TIVER: Identifying Adaptive Versions of C/C++ Third-Party Open-Source Components Using a Code Clustering Technique
This program is tentative and subject to change.
Reusing third-party open-source software (OSS) provides many benefits but can expose the entire system to risks owing to propagated vulnerabilities. While tracking the versions of OSS components can help prevent threats, existing approaches typically map a single version to a reused OSS codebase. This coarse-grained method fails to address multiple versions of code that coexist within the codebase, resulting in ineffective OSS management. Additionally, effectively identifying component versions is challenging owing to noise codes, such as algorithmic codes that coexist across different OSS, as well as duplicate components arising from the redundant reuse of OSS.
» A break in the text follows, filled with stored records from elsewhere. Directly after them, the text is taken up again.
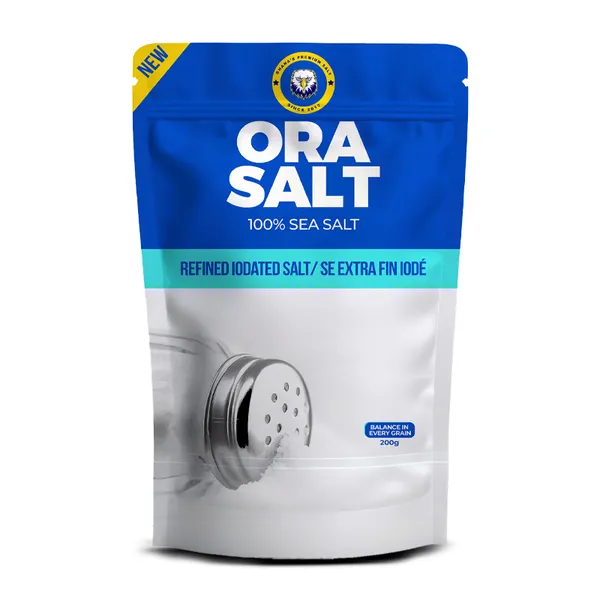 5pcs- Premium Refined Iodated Ora Sea Salt-200g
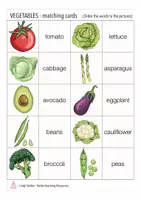 Vorschau - Spiele - vegetables - Spiel zum Wortschatz für den Englischunterricht in der Grundschule (food) - Seite 1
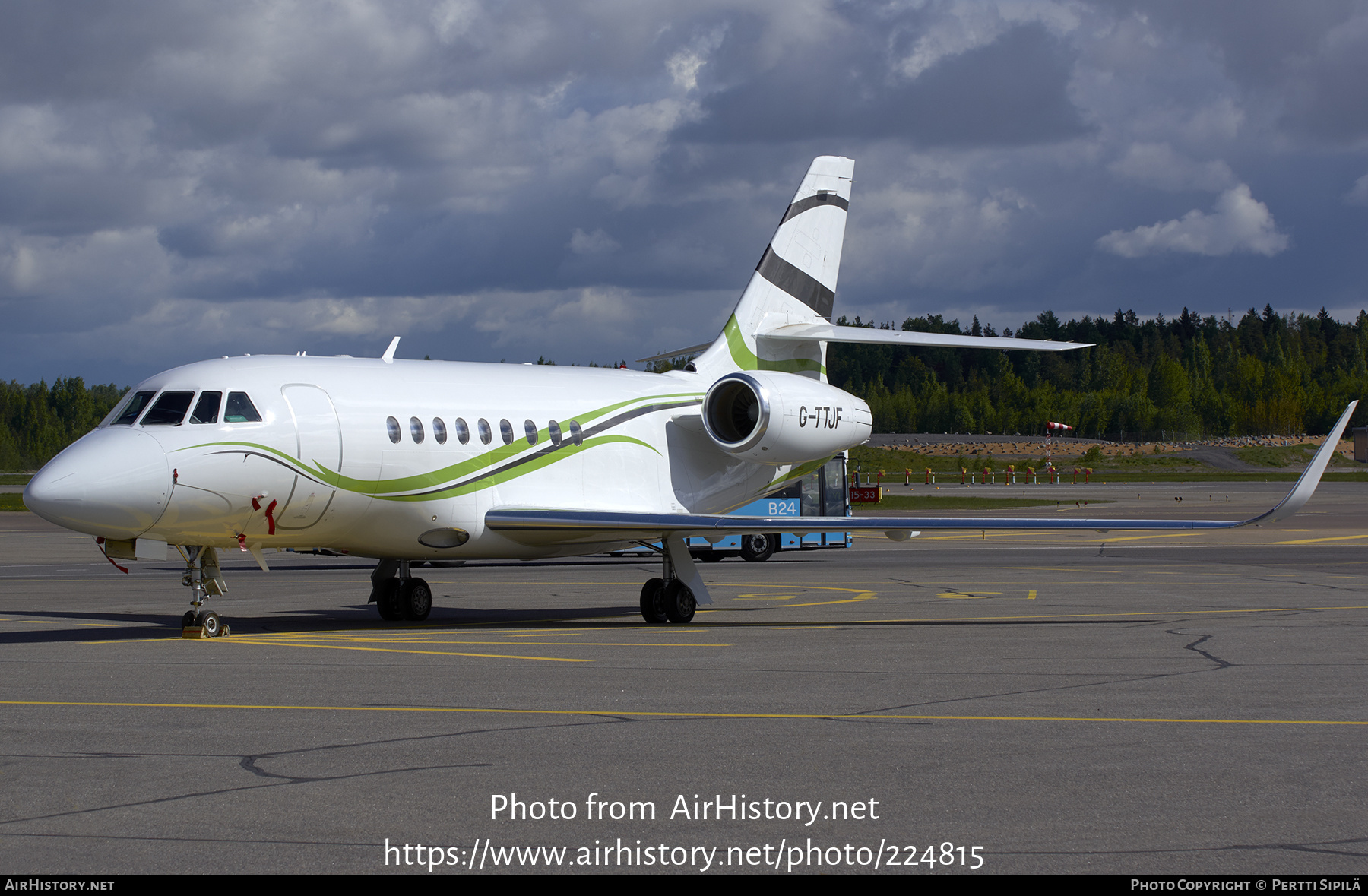 Aircraft Photo Of G Ttjf Dassault Falcon S Airhistory Net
In this paper, we introduce the concept of the adaptive version, a one-stop solution to represent the version diversity of reused OSS. We present TIVER, an effective approach for identifying adaptive versions of OSS components. TIVER employs two key techniques: (1) fine-grained function-level versioning to uncover detailed versions, and (2) OSS code clustering to identify duplicate components and remove noise. This enables precise identification of OSS reuse locations and adaptive versions, effectively mitigating threats related to OSS reuse. Evaluation of popular C/C++ software on GitHub revealed that OSS components with a single version accounted for only 33%, while the remaining 67% of the components contained more than three versions on average. Nonetheless, TIVER effectively identified adaptive versions of OSS components with 88.46% precision and 91.63% recall in duplicate component distinction, and 86% precision and 86.84% recall in eliminating noise, while existing approaches barely achieved 42% recall in distinguishing duplicates and did not address noise. Further experiments showed that TIVER could enhance vulnerability management and be applied to Software Bills of Materials (SBOM) to improve supply chain security.